BEGIN Data provided
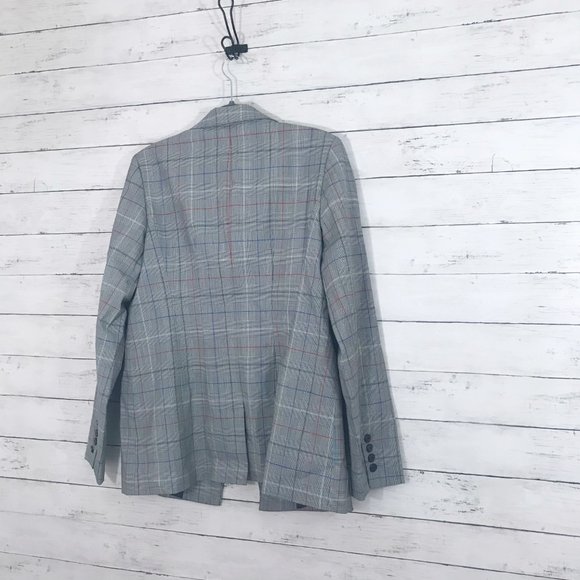 Lewit Check Print One Button Notched Lapel Blazer - Picture 4 of 5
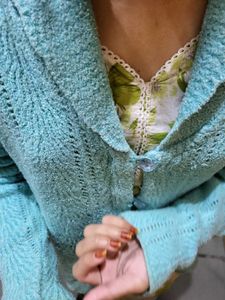 Blue Knitted Cardigan winter wear women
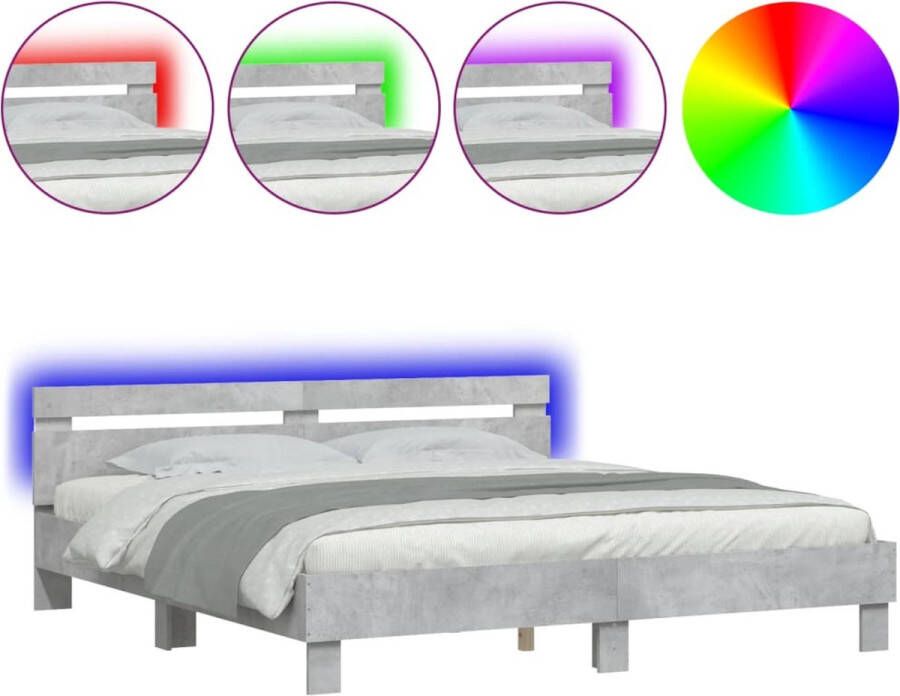 VidaXL -Bedframe-met-hoofdeinde-en-LED-licht-betongrijs-160x200-cm - Foto 3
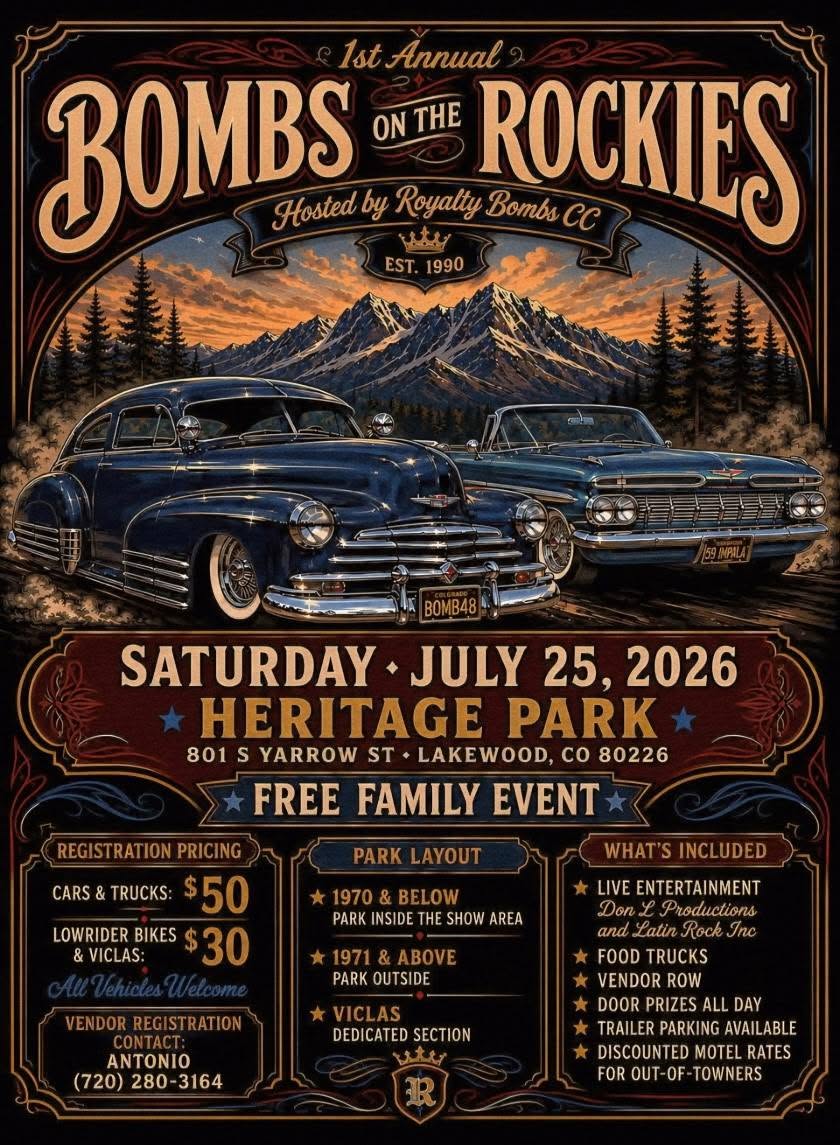 Royalty Bombs CC 1st Annual Bombs on the Boulevard Car Show event at Heritage Park in Lakewood, CO on July 25, 2026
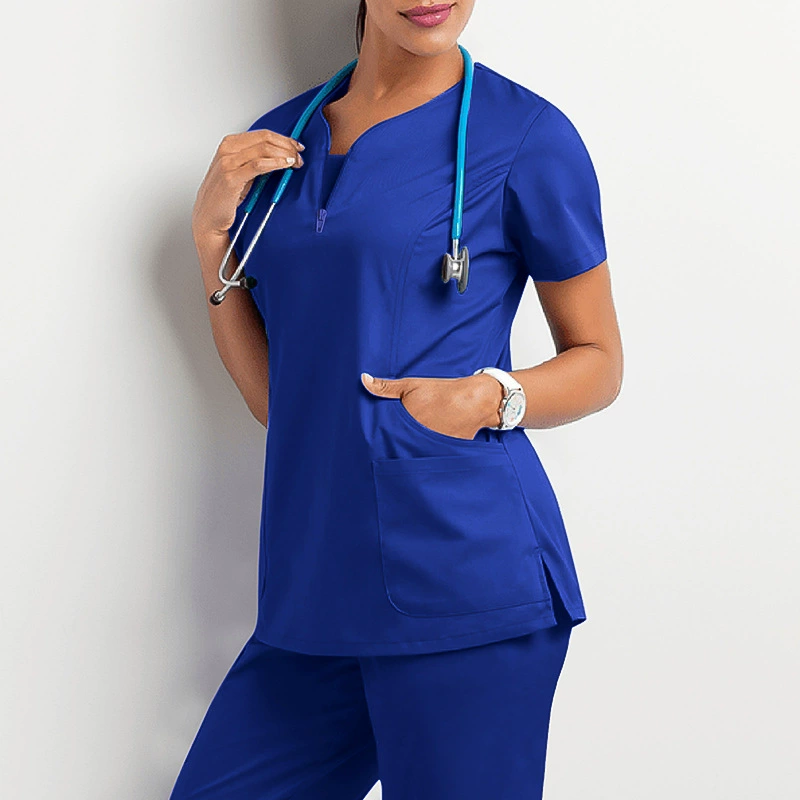Nurse uniform, elastic quick dry doctor uniform, split set, custom-made, with short sleeve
END Data provided
▶ _Problem description_
Each entry above should be copied exactly. The pictures should not.

▶ _Exercise solution_
 Lewit Check Print One Button Notched Lapel Blazer - Picture 4 of 5
 Blue Knitted Cardigan winter wear women
 VidaXL -Bedframe-met-hoofdeinde-en-LED-licht-betongrijs-160x200-cm - Foto 3
 Royalty Bombs CC 1st Annual Bombs on the Boulevard Car Show event at Heritage Park in Lakewood, CO on July 25, 2026
Nurse uniform, elastic quick dry doctor uniform, split set, custom-made, with short sleeve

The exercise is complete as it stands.